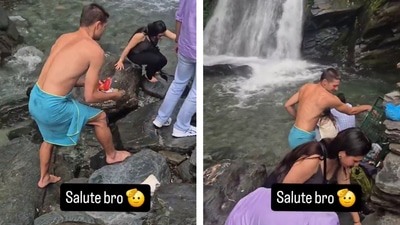 A video shows a foreign tourist picking up trash in Himachal Pradesh (X/@iNikhilsaini) A video shows a foreign tourist picking up trash in Himachal Pradesh (X/@iNikhilsaini)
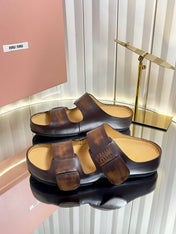 MIUMIU 26S DOUBLE-STRAP SLIDES IN CARAMEL BROWN CALFSKIN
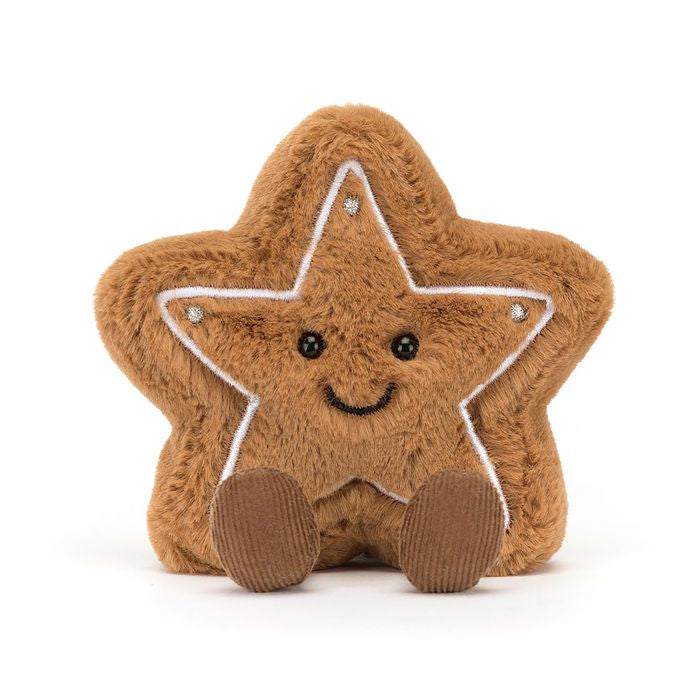 A plush toy in the shape of a star cookie with brown biscuit fur, cordy boots, and a big stitched smile.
------------
Exercise - Nothing but the pictures may be dropped; restate the material word for word.

Answer section -
 A video shows a foreign tourist picking up trash in Himachal Pradesh (X/@iNikhilsaini) A video shows a foreign tourist picking up trash in Himachal Pradesh (X/@iNikhilsaini)
 MIUMIU 26S DOUBLE-STRAP SLIDES IN CARAMEL BROWN CALFSKIN
 A plush toy in the shape of a star cookie with brown biscuit fur, cordy boots, and a big stitched smile.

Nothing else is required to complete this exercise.